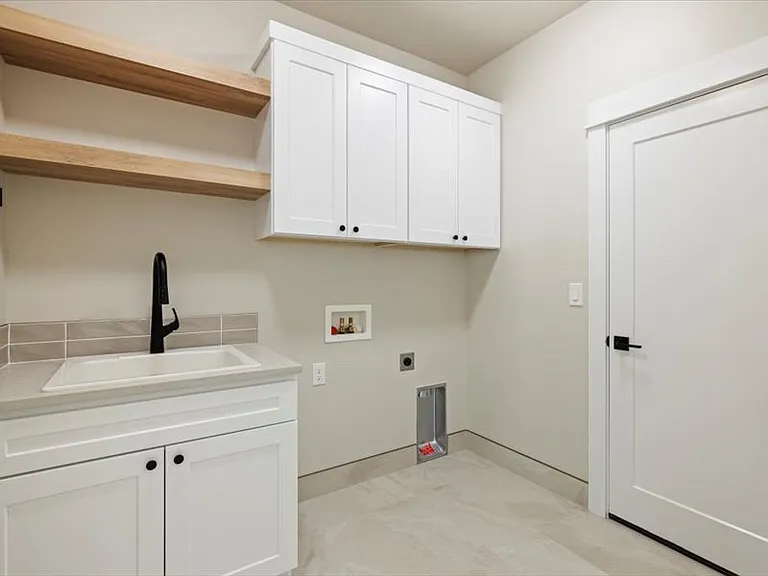 2326 Siena Ave — Photo 17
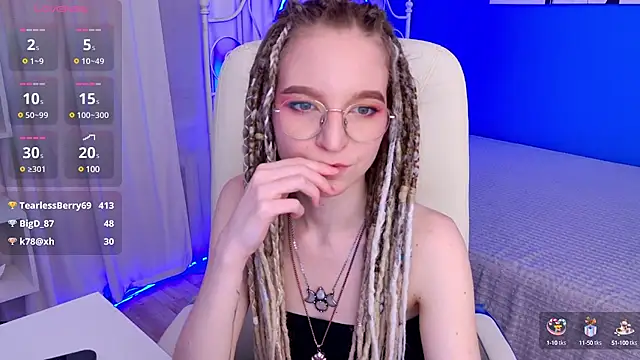 Snapshot of VioletShine chatting on 01.22.25 VioletShine online show from 01.22.25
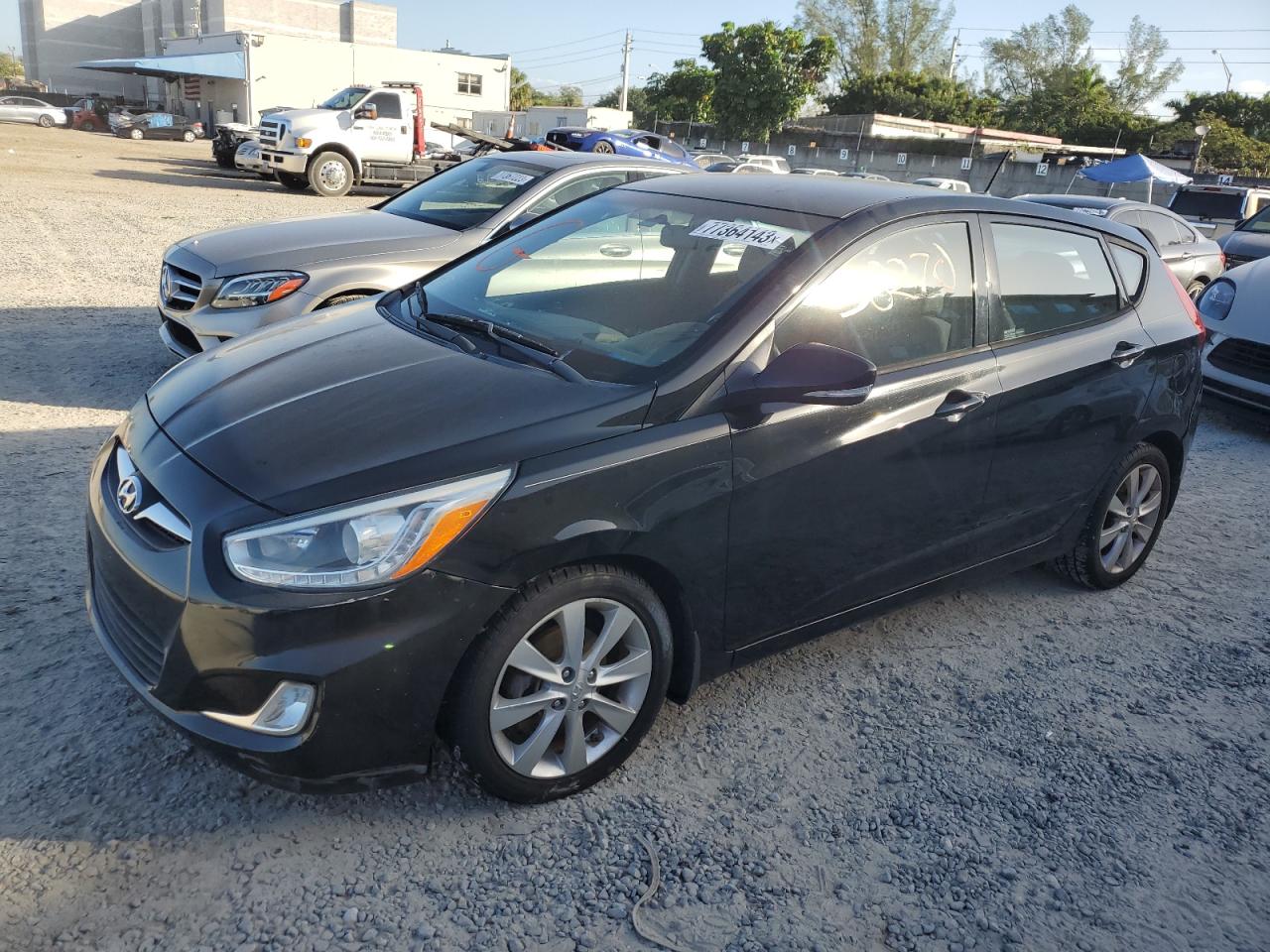 Obraz 1 z 2014 HYUNDAI ACCENT GLS 2014 z VIN KMHCU5AE8EU175519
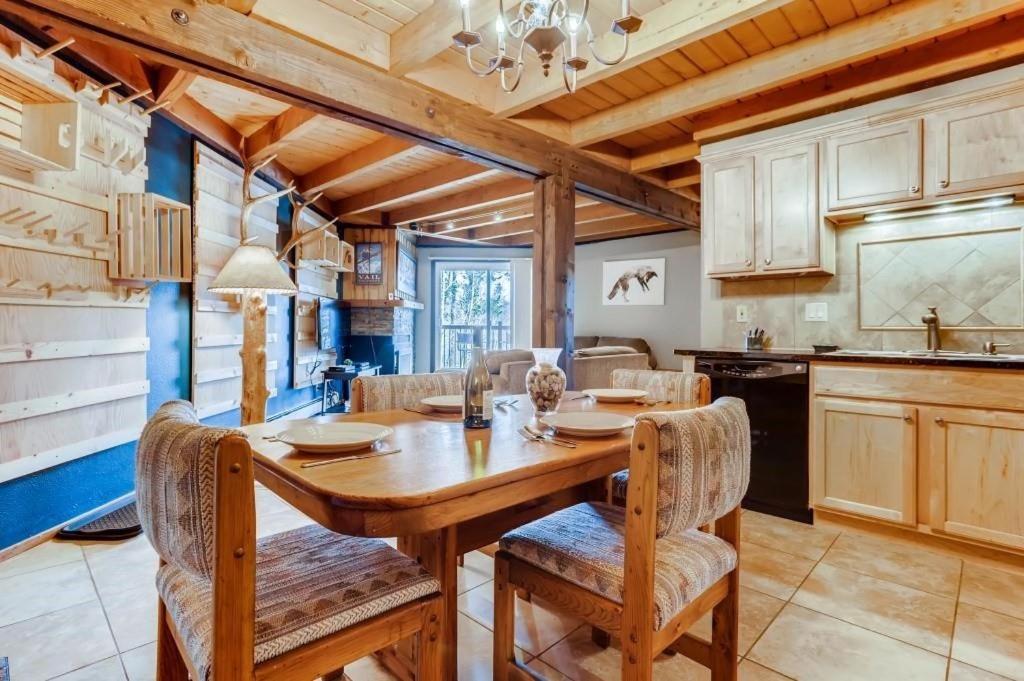 F201 Treehouse condo photo 4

EXERCISE GOAL: None of the pictures should be carried over when the data above is transcribed exactly.

EXERCISE ANSWER:
 2326 Siena Ave — Photo 17
 Snapshot of VioletShine chatting on 01.22.25 VioletShine online show from 01.22.25
 Obraz 1 z 2014 HYUNDAI ACCENT GLS 2014 z VIN KMHCU5AE8EU175519
 F201 Treehouse condo photo 4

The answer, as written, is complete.